Since Pennsylvania's long-arm statute is coextensive with the due process limitations of the federal Constitution, the focal point of the Court's inquiry is whether the exercise of personal jurisdiction is consistent with the well-established constitutional standard of a non-resident defendant having "certain minimum contacts with [the forum state] such that the maintenance of the suit does not offend traditional notions of fair play and substantial justice." Marten v. Finchuam, 499 F.3d 290, 296 (3d Cir. 2007) (citing Int'l Shoe Co. v. Washington, 326 U.S. 310, 316 (1945)); see also Vetrotex Certainteed Corp. v. Consol. Fiber Glass Prods. Co., 75 F.3d 147, 150 (3d Cir. 1996) (noting that federal constitutional doctrine is determinative with respect to personal jurisdiction over non-residents in Pennsylvania). The purpose of requiring such minimum contacts is to provide "fair warning" to a non-resident as to the possibility of being subject to suit in a foreign jurisdiction. See Burger King Corp. v. Rudzewicz, 471 U.S. 462, 472 (1985) (quoting Shaffer v. Heitner, 433 U.S. 186, 218 (1977) (Stevens, J., concurring in judgment)). In light of this underlying purpose, the Supreme Court has instructed that "minimum contacts must have a basis in 'some act by which the defendant purposefully avails itself of the privilege of conducting activities within the forum State, thus invoking the benefits and protections of its laws.'" Asahi Metal Indus. Co., Ltd. v. Superior Court of Cal., 480 U.S. 102, 109 (1987) (quoting Burger King, 471 U.S. at 475).

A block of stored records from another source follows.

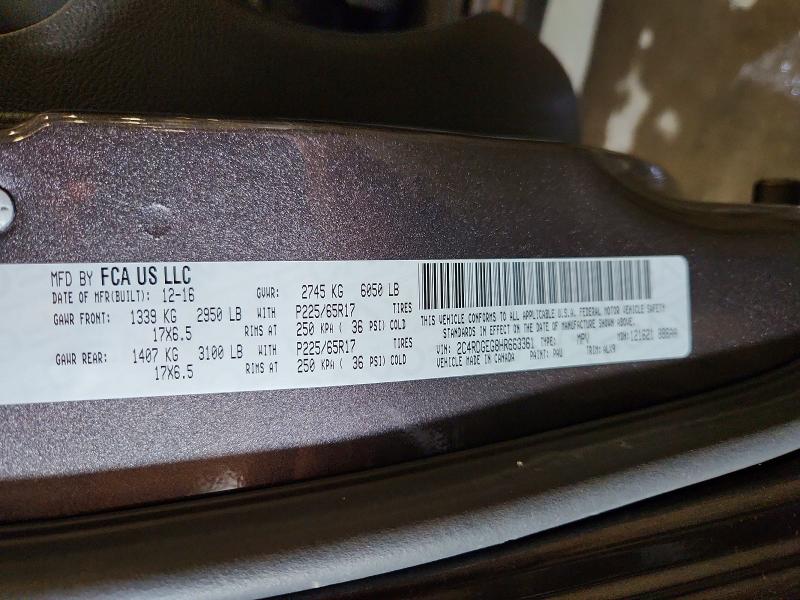 Продаж на аукціоні авто 2017 Dodge Grand Caravan, vin: 2C4RDGEG8HR663361, номер лоту: 62342836
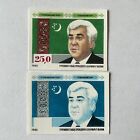 BŁĄD 1992 STEMPEL IMPERF TURKMENISTAN #8 BRAKUJĄCE KOLORY I WARTOŚĆ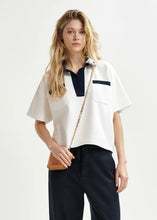 Load image into Gallery viewer, Hoiseau Embroidered Polo
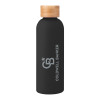 Thumbnail image for  Blair Black Stainless Steel Bottle w/ Bamboo Lid 17 oz
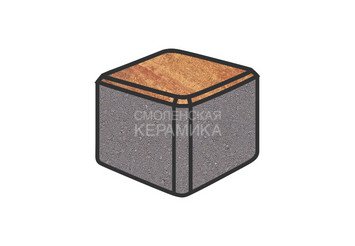 Тротуарная плитка Готика, "Куб Natur", 100x100x100 мм, вернисаж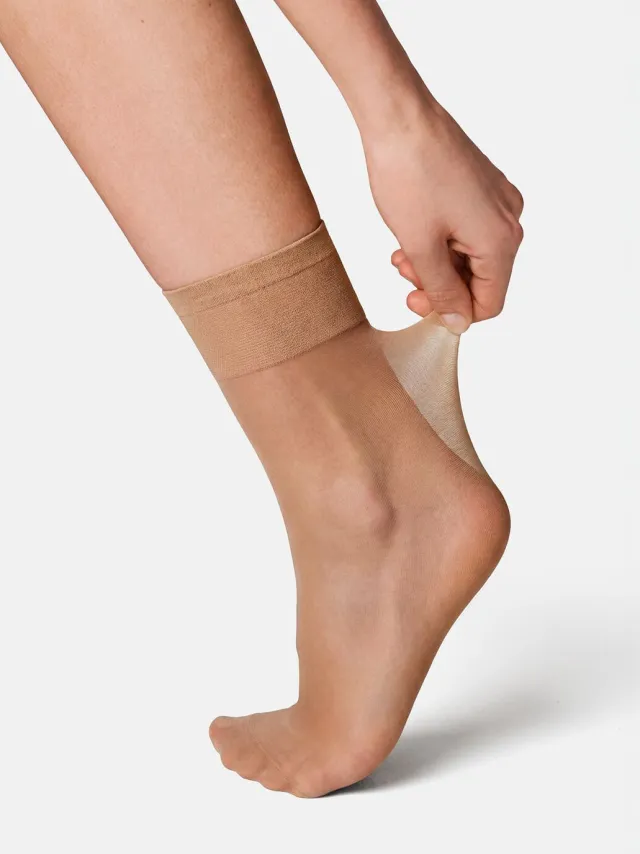 HEMA Pantysokken antiladder 20 denier mat - 2 paar beige (beige)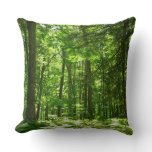 Hemlock Trail at Laurel Hill State Park II Throw Pillow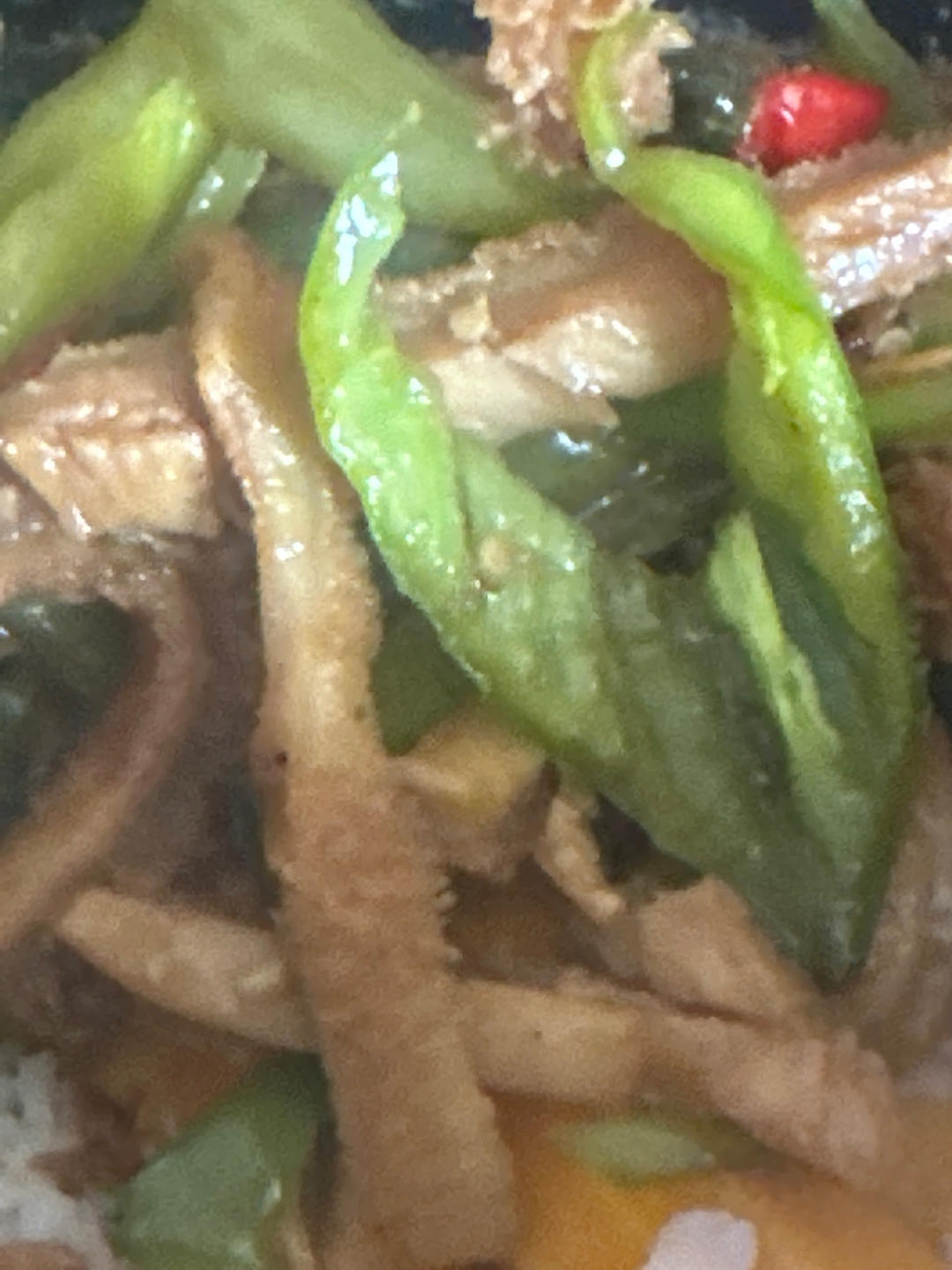 双椒炒牛肚丝
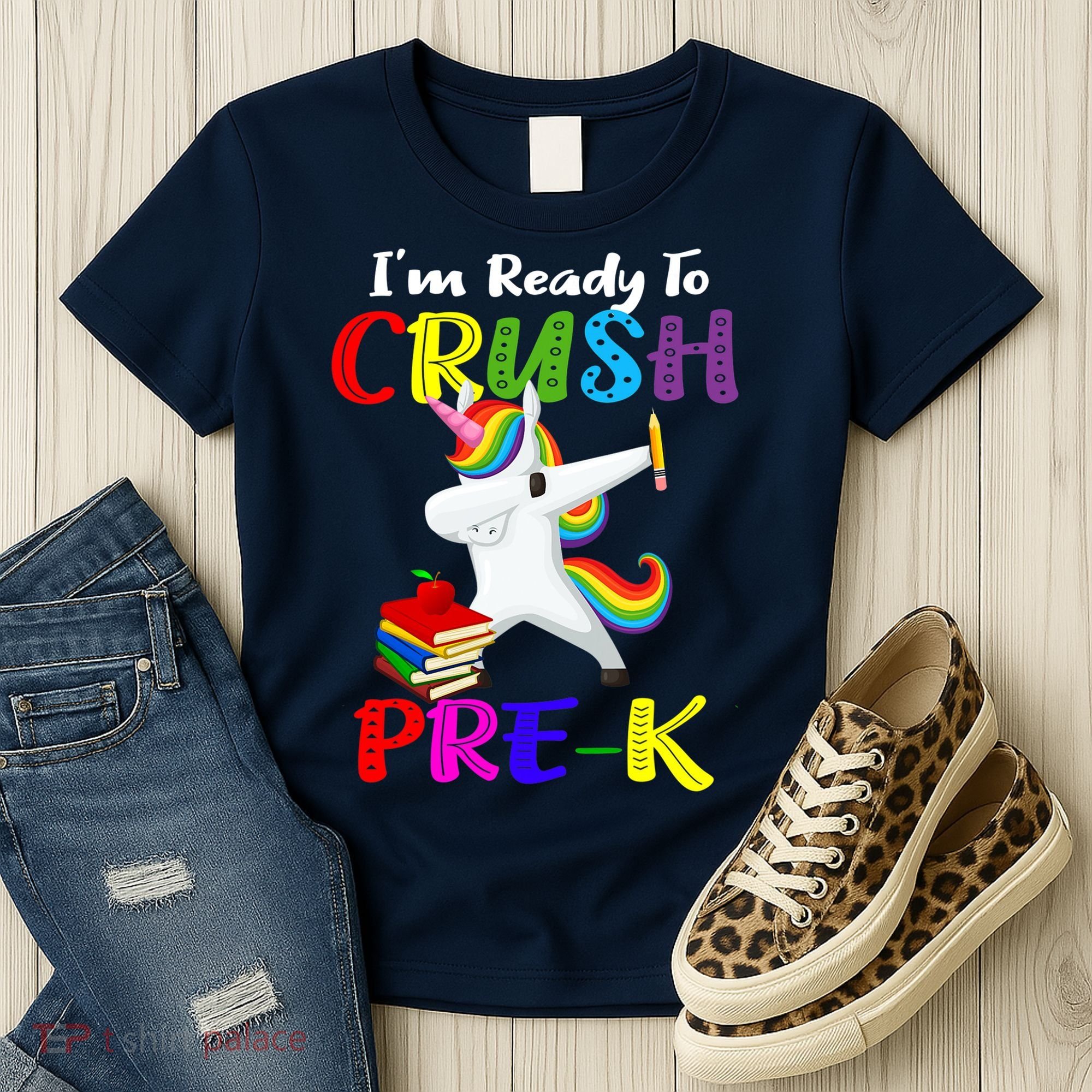 I'm Ready To Crush Pre K Tee Dabbing Unicorn Pre School Pre K Women's T-Shirt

Consistent with these principles of due process, this Court may exercise personal jurisdiction over a non-resident under two independent theories: (1) general jurisdiction; and (2) specific jurisdiction. General jurisdiction requires a party to litigate in a forum state regardless of whether the defendant's contacts with the forum state relate to the underlying cause of action. Helicopteros Nacionales de Colombia v. Hall, 466 U.S. 408, 414 (1984); Mellon Bank, 960 F.2d at 1221. Since general jurisdiction may be invoked when the cause of action arises from a defendant's non-forum related activities, the contacts supplying the basis for general jurisdiction must be "continuous and systematic." Helicopteros, 466 U.S. at 414 n.9, 416.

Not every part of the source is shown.